In fact, John’s expression here of them going into the world implies that they view themselves on a

This is the same language of the Lord’s great commission. Go into all the world and make disciples (Mark 16:15) . . . go and make disciples of all nations (Matthew 28:19).

Which means that these false teachers are equally passionate about their global disciple-making mission!

How fast was this? It didn’t take the devil long at all to prepare his ambassadors of error to try and deceive the world and distract and disunify the Body of Christ!

They’re already at it!

Mark Twain – not necessarily a good theologian – but he once made the correct observation that a lie can travel half-way around the world while truth is still putting on his shoes.

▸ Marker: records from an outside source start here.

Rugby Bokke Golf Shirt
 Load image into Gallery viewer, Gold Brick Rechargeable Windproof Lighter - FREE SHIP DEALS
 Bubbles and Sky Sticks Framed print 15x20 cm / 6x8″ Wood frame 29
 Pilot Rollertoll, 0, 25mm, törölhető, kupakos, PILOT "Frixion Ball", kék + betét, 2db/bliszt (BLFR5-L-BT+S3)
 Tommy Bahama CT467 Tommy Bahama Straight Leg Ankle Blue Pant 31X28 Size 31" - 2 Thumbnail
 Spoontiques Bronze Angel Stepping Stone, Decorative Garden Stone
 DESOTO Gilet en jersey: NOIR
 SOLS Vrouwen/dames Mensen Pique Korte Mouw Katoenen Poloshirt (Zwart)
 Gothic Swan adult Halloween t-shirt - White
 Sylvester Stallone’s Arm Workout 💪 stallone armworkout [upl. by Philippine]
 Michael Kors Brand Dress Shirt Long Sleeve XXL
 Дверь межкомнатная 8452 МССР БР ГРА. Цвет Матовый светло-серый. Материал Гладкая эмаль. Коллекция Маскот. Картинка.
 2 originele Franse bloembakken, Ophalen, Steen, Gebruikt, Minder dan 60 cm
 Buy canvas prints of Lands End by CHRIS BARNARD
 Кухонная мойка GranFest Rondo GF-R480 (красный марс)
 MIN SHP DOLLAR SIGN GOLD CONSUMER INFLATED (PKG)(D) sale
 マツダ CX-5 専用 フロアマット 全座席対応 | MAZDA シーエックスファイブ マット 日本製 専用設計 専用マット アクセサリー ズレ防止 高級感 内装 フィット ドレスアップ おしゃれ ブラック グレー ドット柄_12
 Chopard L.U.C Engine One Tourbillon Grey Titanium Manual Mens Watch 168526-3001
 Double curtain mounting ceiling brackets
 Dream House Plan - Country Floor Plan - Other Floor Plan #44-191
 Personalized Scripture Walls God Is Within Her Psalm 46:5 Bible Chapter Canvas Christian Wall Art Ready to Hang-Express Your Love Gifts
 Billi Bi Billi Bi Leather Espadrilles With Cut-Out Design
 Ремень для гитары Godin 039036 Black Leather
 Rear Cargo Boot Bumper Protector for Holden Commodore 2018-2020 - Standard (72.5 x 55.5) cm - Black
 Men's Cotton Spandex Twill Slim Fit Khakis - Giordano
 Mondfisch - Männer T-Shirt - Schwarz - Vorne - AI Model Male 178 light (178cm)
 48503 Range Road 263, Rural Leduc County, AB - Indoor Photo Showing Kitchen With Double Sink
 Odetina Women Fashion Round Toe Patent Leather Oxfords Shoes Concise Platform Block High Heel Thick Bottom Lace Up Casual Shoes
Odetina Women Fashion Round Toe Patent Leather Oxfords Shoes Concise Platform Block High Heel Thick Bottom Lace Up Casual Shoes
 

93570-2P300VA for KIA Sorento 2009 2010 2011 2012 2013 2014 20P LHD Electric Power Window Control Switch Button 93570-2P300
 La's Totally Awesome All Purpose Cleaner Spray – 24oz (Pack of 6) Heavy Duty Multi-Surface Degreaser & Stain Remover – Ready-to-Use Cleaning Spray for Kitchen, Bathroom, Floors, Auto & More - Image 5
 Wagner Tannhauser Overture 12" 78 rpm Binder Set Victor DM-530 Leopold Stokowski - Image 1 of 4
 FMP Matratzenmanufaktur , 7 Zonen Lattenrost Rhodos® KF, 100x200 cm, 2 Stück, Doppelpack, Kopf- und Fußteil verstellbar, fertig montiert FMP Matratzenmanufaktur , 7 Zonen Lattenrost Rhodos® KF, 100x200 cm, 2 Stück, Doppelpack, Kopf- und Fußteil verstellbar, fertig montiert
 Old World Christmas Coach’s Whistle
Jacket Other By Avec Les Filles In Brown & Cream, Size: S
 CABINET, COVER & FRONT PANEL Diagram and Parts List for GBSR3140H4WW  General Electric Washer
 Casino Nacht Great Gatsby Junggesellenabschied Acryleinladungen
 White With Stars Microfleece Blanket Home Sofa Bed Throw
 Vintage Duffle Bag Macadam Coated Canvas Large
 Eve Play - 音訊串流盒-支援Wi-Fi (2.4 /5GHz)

But just imagine the implications of this global mission – the Devil actually has his own twisted version of the great commission.

The commission of Jesus to His disciples was to go out into the world and tell the truth; the commission of the Devil to his disciples is to go out into the world and tell lies.

As passionately and strategically as you can desire to make disciples for the kingdom of Light, false teachers are just as strategic about making disciples for the Kingdom of Darkness.

They are deceivers;

They are disciple makers;

3. Third, they are deniers.

For many deceivers have gone out into the world, those who do not acknowledge Jesus Christ as coming in the flesh . . .

With that, John arrives at the core of their error. And this, beloved, is the main issue to keep in mind.

You don’t need to be an expert in all the false religions of the world, although learning more of what they believe will help you expose them to biblical truths they deny.

But what you do need to remember is that false teachers and false teaching is fundamentally attempting to sell another Jesus, not the Jesus defined & described in the Bible, which is why they’ve usually got something additional for you to read. “The Bible’s nice . . . but here, read this.”

They aren’t going to verbally come out and tell you to throw your Bible away.

I had a couple of people on my doorstep the other day and their opening line was, “We’d like to interest you in reading the Bible.” I said, “You know, I’ve always wanted to be that interested.”

What they really want to do is redefine the nature and person and deity and purpose of Jesus Christ. So learn to ask the question – “Do you believe in the coming of God the Son who became the literal God-in-the-flesh-man.

Then hold your breath:

• Baha’i views God as unknowable and unable to incarnate Himself.

• Christian Science believes Jesus is a highly enlightened man.

• Jehovah’s Witnesses believe Jesus is a created angel.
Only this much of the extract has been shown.